> **TASK TO COMPLETE**: Give again the lines from the line with "Victoriaans Kerstman Briefkaarten" to the last line of the records, exactly and in full. Do not carry over any pictures.

** Opening INPUT RECORDS block **

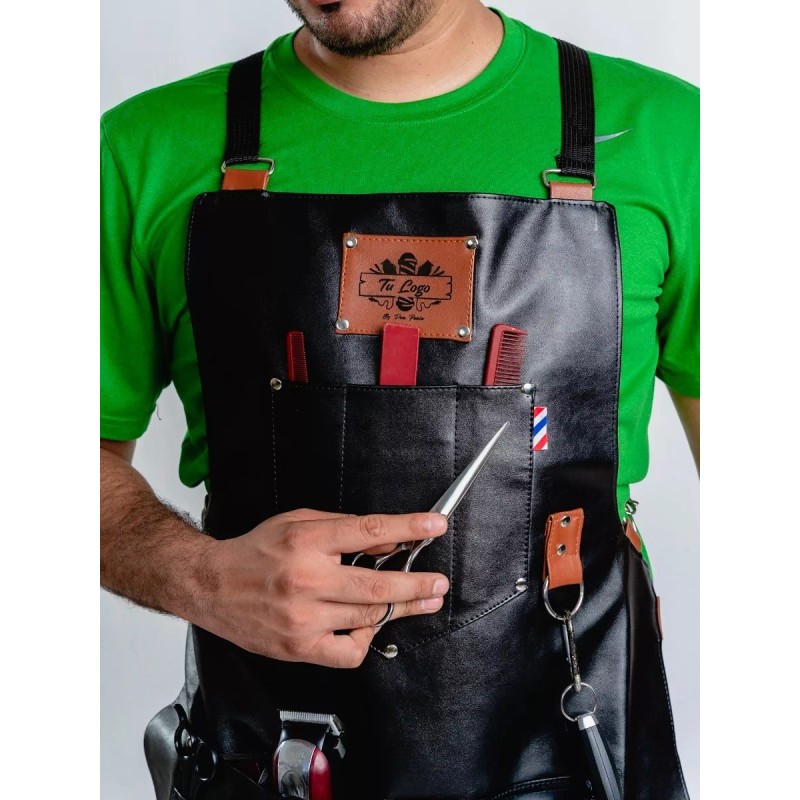 Don Pablo Mandil Para Barbero Personalizado Con Láser En Curpiel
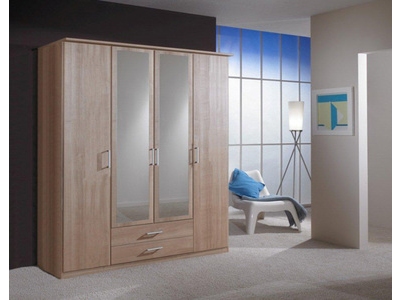 ARMOIRE 4 PORTES DONT 2 MIROIRS+2 TIROIRS
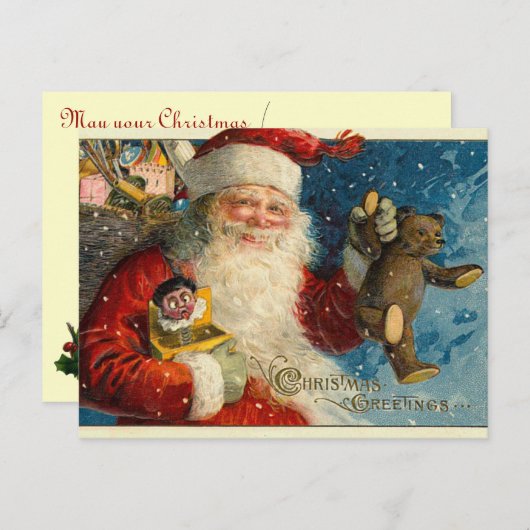 Victoriaans Kerstman Briefkaarten (Voorkant / Achterkant)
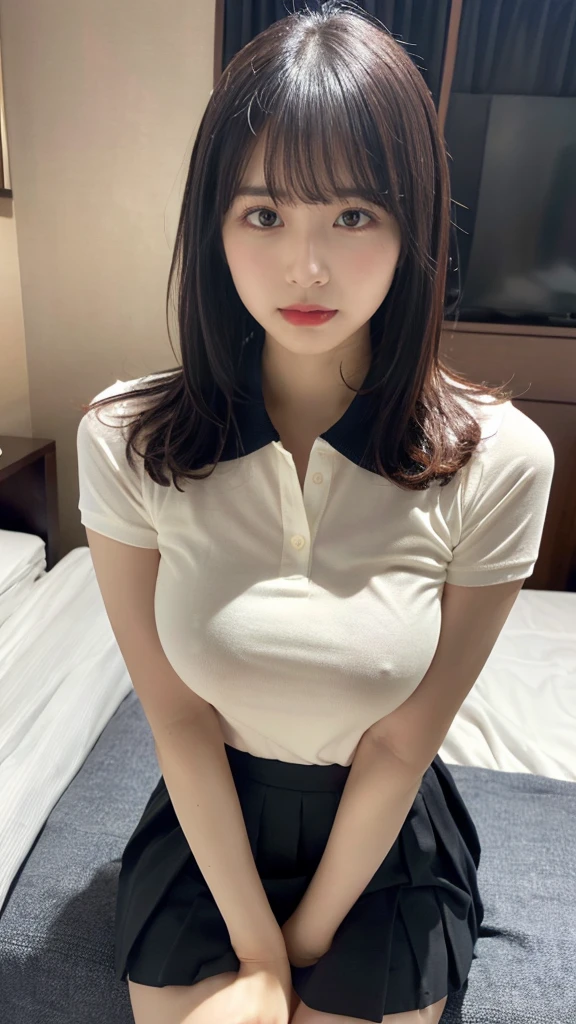 muste piece, best quality, illustration, Super detailed, fine details, High resolution, 8K,wall paper, perfect dynamic composition,(Details High quality, realistic depiction of eyes:1.3), (Polo shirt with collar), pleated skirt, big breasts, short bob hair、black hair color, Big Natural Color Lip, bold sexy pose, (perfect body shape), crying a little、cold gaze, Harajuku style、20 year old girl、cute type、ta、beautiful legs, hotel room, hposing Gravure Idol, Voluptuous thighs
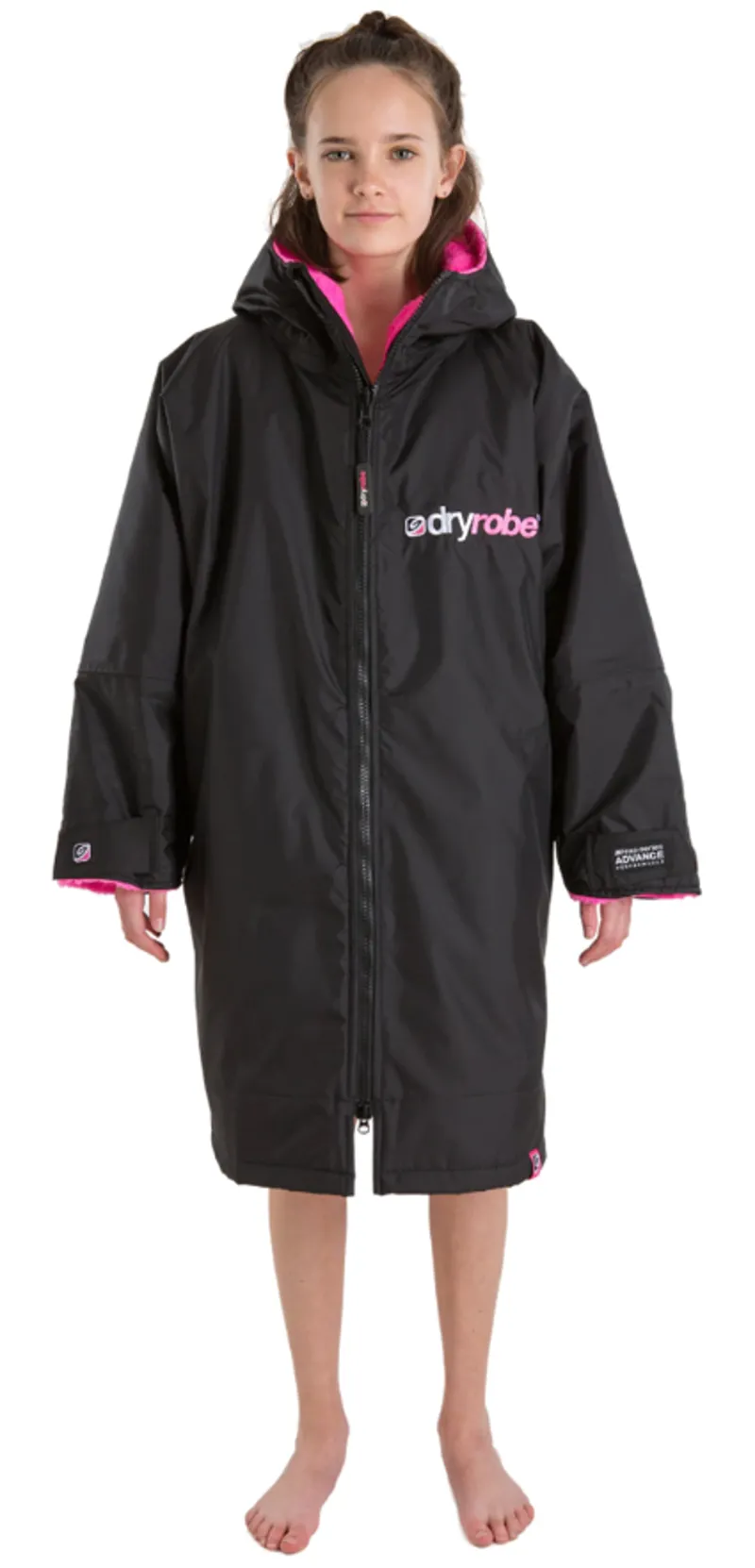 Dryrobe Advance V3 Kids Long Sleeve 10-13 Black/Pink-1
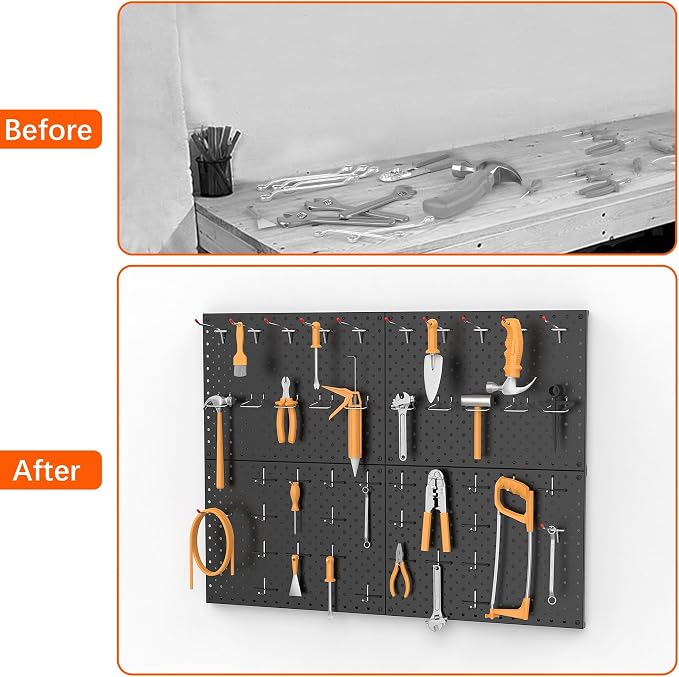 TORACK 4 PCS 12"x16" Metal Pegboard Panels - Image 9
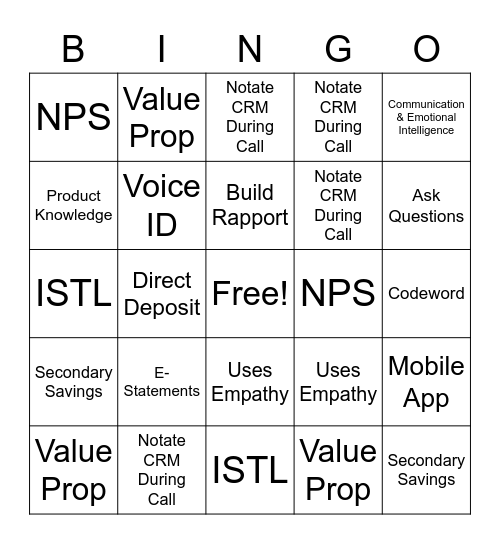 Team Eagles-Teri Bingo Card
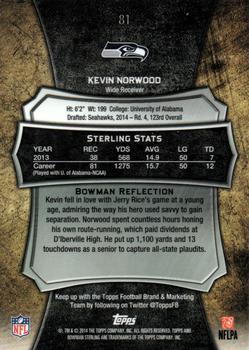 2014 Bowman Sterling #81 Kevin Norwood Back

** Closing INPUT RECORDS block **

> **ANSWER TO THE EXERCISE**:
 Victoriaans Kerstman Briefkaarten (Voorkant / Achterkant)
 muste piece, best quality, illustration, Super detailed, fine details, High resolution, 8K,wall paper, perfect dynamic composition,(Details High quality, realistic depiction of eyes:1.3), (Polo shirt with collar), pleated skirt, big breasts, short bob hair、black hair color, Big Natural Color Lip, bold sexy pose, (perfect body shape), crying a little、cold gaze, Harajuku style、20 year old girl、cute type、ta、beautiful legs, hotel room, hposing Gravure Idol, Voluptuous thighs
 Dryrobe Advance V3 Kids Long Sleeve 10-13 Black/Pink-1
 TORACK 4 PCS 12"x16" Metal Pegboard Panels - Image 9
 Team Eagles-Teri Bingo Card
 2014 Bowman Sterling #81 Kevin Norwood Back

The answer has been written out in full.